After a short, yet seemingly interminable interval the stage is prepped for the mighty Crossfaith, not a band you’d expect to see wedged between Hed PE and Skindred but it’s a welcome addition. Before the band is even on stage we are treated to the fastest, most insane drum solo, ever. No drum solo has ever been this good, this is not up for debate, this is factual, this is their sound check for fucks sake! After such a confident solo performance the bar has been set very high for the rest of the set, and as the heavy EDM kicks in there is no longer any doubt that this will be spectacular. The band rush on with the most gorgeous collection of instruments ever witnessed: an enormous DJ rig, beautiful white pearl drum kit and one fancy ass guitar - these guys spend more money on instruments than the conservatives spend on trains. As the front man hypes the crowd into the most optimistically early circle pit of all time you notice that they have very strong American accents for a band that originates in Japan, It’s also difficult to tell if there are any females in the band, and if so how many. Crossfaith have mastered the electronic/metal crossover like no other band can, if no electronic elements were included this would still be an insane band, spewing with talent - but the addition of D&B and heavy EDM makes it that bit more special. It’s like if Enter Shikari were a hundred times more brutal…and Japanese. Performances of their classic track Monolith goes down a storm with the crowd (particularly myself) and makes a great introduction to their blistering new single Devil’s Party. Later on in the set it all becomes clear to why Crossfaith are at this gig when Benji Webbe from Skindred comes on stage to feature in another new track Wildfire, it makes for an interesting blend but probably not one of their better songs. They finally finish with their famous rendition of Prodigy’s Omen, which they do a great job of making their own and end their performance with the highest high possible.

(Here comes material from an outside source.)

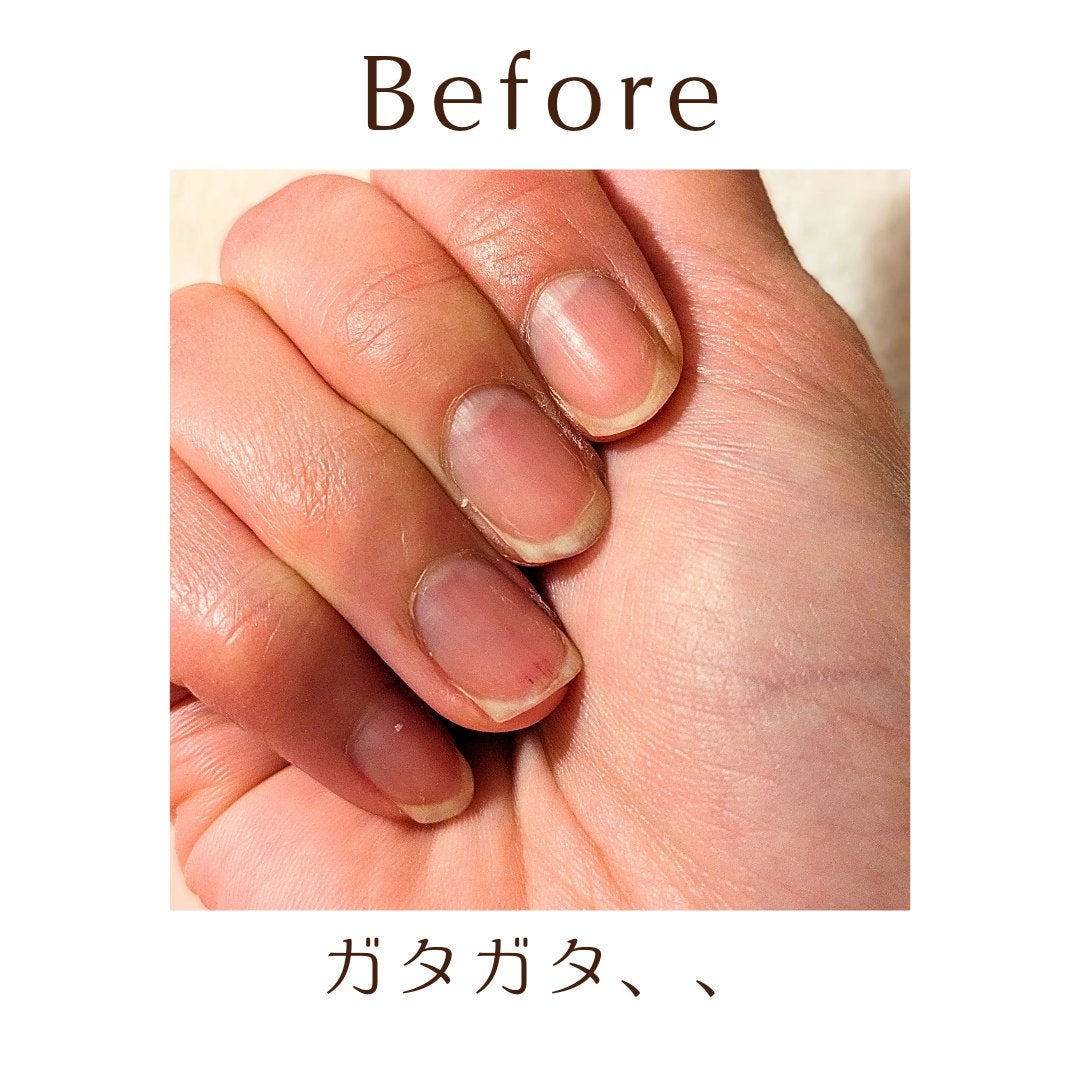 シア ネイルオイル/L'OCCITANE/ネイルオイル・トリートメントを使ったクチコミ(3枚目)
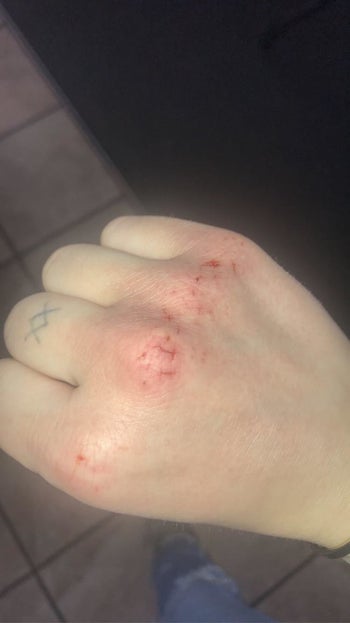 Reviewer's hand before using hand cream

The time has finally arrived for Skindred to deliver the final blow to this killer gig. The stage has been cleared and no longer resembles a high-end musical instrument store, now there is nothing holding them back. Entrance music for most bands is usually some atmospheric piece followed by the band breaking into their loudest song, however Skindred has gone down the “walk on to a break beat restyling of The Imperial March” route. If anyone here was ever unsure of which band they were watching, the giant sunglasses and fur coats should be a rather significant indication…and several banners reading “Skindred” is a big give away too. They perform the music so perfectly that it’s almost as if you’re listening to a recording, there are zero technical faults, each beat is flawless and the vocals are perfection. The majority of the stage presence is provided by Benji Webbe, as he shouts encouragement and insults in equal measure, it almost feels like being in a failing relationship where nobody knows if they still love you or not. Whatever it is he is doing though he should keep it up, he gets us all to chant our town name which rises the spirits of everyone and makes us feel like an equal part of the performance. It’s easy to see why Skindred have won awards for their shows, the uniting atmosphere, their impeccable musical ability and unbeatable combination of reggae, hip hop and metal is one that cannot be compared.